Carry over every entry exactly as written, though not the pictures it contains.
'''
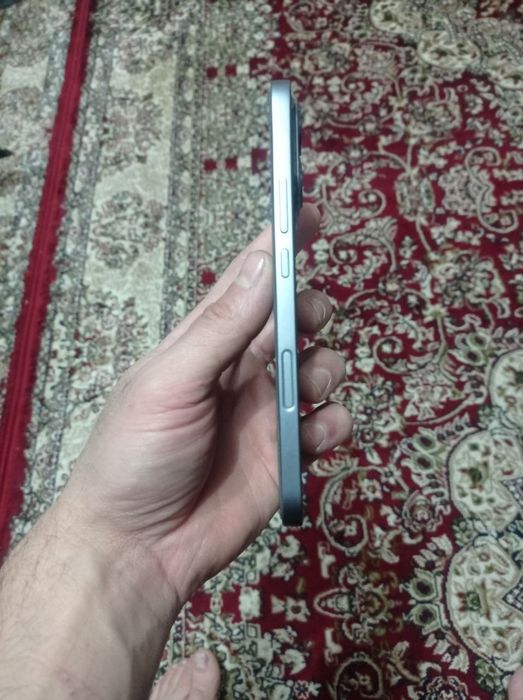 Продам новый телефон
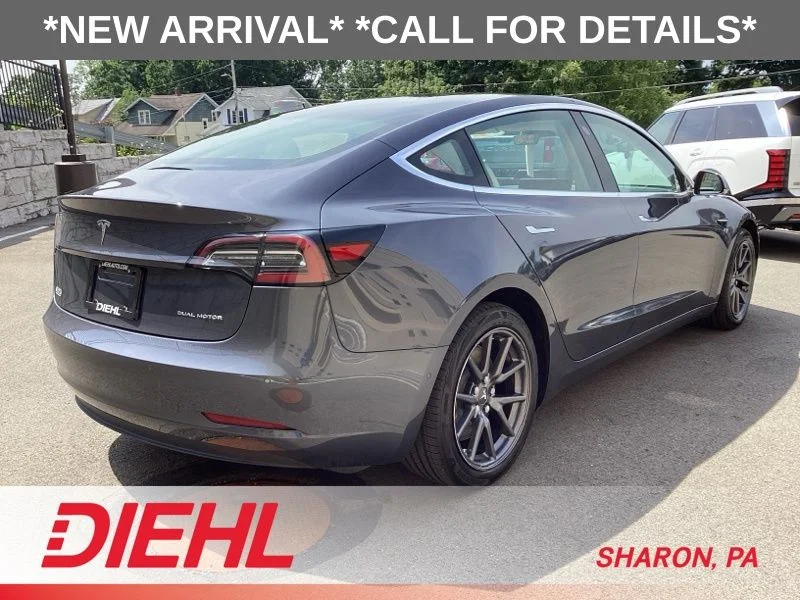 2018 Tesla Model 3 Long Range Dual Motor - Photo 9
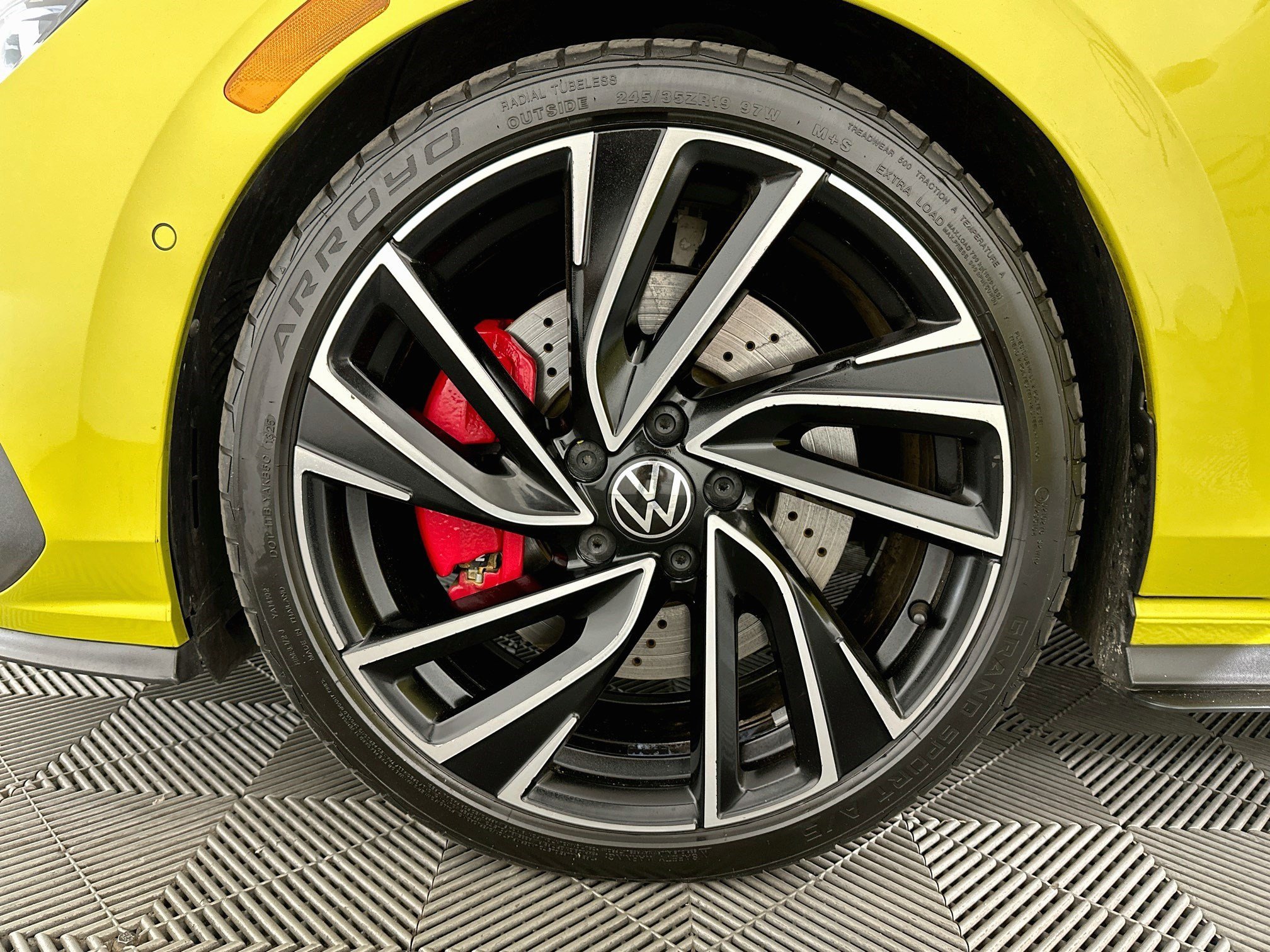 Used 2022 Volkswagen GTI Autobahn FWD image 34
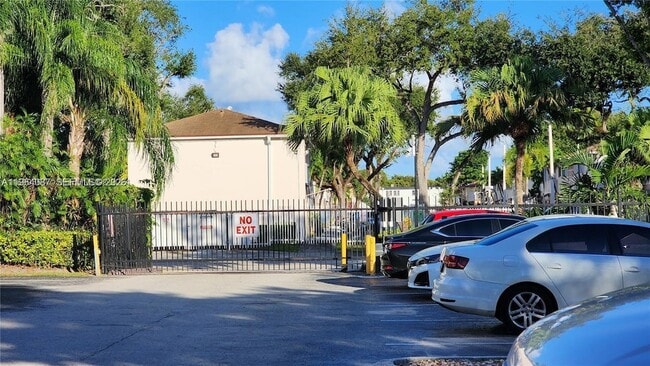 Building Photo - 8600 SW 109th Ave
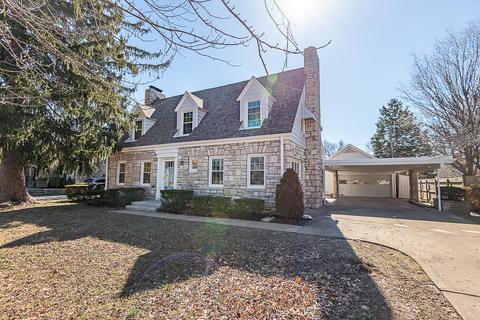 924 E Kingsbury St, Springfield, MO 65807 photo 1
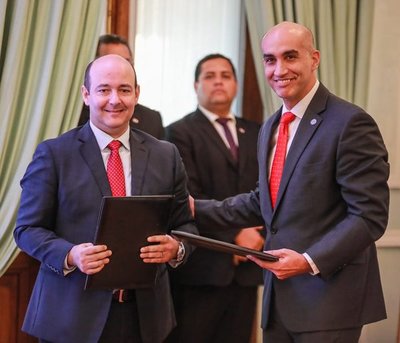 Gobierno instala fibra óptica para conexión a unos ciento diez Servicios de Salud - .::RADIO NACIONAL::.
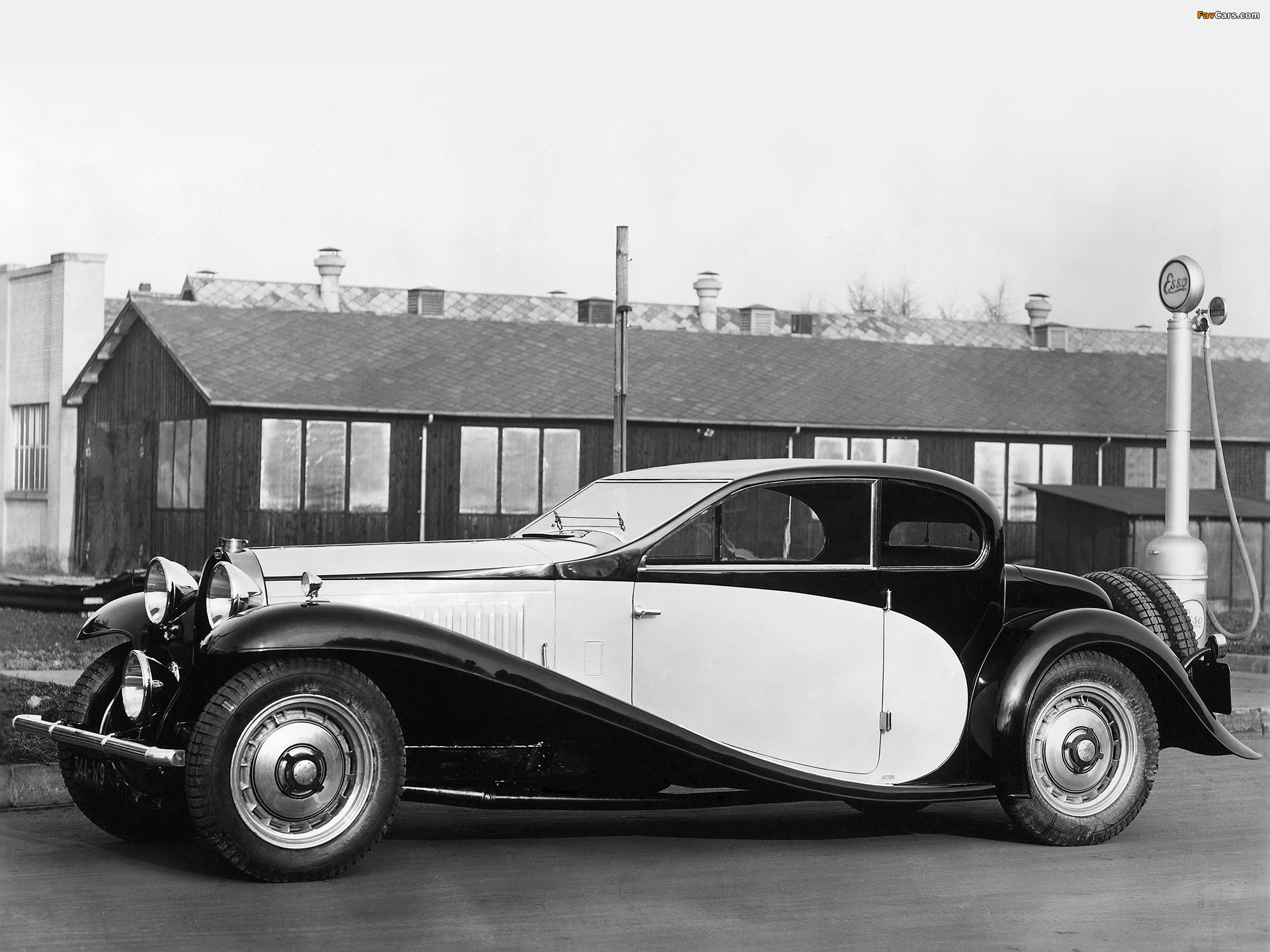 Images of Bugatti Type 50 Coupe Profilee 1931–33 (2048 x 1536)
'''
▸ Result of the task
 Продам новый телефон
 2018 Tesla Model 3 Long Range Dual Motor - Photo 9
 Used 2022 Volkswagen GTI Autobahn FWD image 34
 Building Photo - 8600 SW 109th Ave
 924 E Kingsbury St, Springfield, MO 65807 photo 1
 Gobierno instala fibra óptica para conexión a unos ciento diez Servicios de Salud - .::RADIO NACIONAL::.
 Images of Bugatti Type 50 Coupe Profilee 1931–33 (2048 x 1536)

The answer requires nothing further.